Il 31 maggio 1982, Carlo Mauri – il Bigio, per i lecchesi – moriva stroncato da un infarto mentre saliva la via ferrata sul Pizzo d’Erna. A trent’anni dalla scomparsa di un personaggio che, come Walter Bonatti – di cui Mauri era molto amico – era riuscito a trasportare l’alpinismo nell’ambito della grande avventura, dal 10 al 25 novembre, alla Quadreria Bovara Reina di Malgrate (Lecco), sarà possibile visitare una mostra che ripropone la vita, la filosofia, il modo d’essere e le imprese di quello che fu uno dei massimi protagonisti della scena internazionale dell’esplorazione negli anni ’70 e ’80.

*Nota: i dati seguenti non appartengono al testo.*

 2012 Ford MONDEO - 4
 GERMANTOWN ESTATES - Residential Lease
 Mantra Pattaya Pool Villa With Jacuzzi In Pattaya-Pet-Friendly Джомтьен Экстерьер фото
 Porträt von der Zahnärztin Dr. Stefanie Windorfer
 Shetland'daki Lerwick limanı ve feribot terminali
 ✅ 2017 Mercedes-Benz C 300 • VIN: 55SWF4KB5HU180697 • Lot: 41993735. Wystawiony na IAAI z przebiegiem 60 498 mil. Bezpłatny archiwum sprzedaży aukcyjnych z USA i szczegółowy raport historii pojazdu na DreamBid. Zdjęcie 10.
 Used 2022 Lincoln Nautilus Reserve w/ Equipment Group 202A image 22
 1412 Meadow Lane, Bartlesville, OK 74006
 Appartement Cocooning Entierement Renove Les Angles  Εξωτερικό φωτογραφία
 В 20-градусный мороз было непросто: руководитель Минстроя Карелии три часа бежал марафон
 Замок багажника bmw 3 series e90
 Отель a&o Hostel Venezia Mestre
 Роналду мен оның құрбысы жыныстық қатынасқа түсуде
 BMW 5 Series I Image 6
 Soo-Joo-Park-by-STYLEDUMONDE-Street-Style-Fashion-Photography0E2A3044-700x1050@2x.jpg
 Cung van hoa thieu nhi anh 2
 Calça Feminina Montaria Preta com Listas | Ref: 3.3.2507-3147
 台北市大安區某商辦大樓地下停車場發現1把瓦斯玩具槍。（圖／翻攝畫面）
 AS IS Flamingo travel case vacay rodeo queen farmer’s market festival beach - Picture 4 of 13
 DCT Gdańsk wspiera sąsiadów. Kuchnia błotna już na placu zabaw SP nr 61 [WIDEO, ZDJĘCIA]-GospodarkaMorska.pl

A prima vista enigmatico (E=CM30), il titolo dell’evento è un acronimo di Esploratore Carlo Mauri alla trentesima) e ricorda la celebre equazione di Albert Einstein, E=MC2, per la quale «un corpo a riposo ha la capacità di liberare energia trasformando tutta la sua massa o una parte di essa in radiazione elettromagnetica».
La mostra – stando a quanto dicono gli organizzatori – dovrebbe avere un allestimento insolito. «Verranno stravolti i canoni di una normale mostra» assicura Paolo Vallara, che ne ha curato il percorso espositivo, «e poi Carlo Mauri verrà presentato sotto aspetti che finora sono rimasti in ombra, schiacciati dal suo ruolo di alpinista, quello più noto».
L’iniziativa si articolerà in una carrellata che propone gli otto ambiti della ricerca di Mauri, dalle scalate alle esplorazioni via terra al famoso viaggio attraverso l’Atlantico e poi l’oceano Indiano a bordo di una zattera di papiro.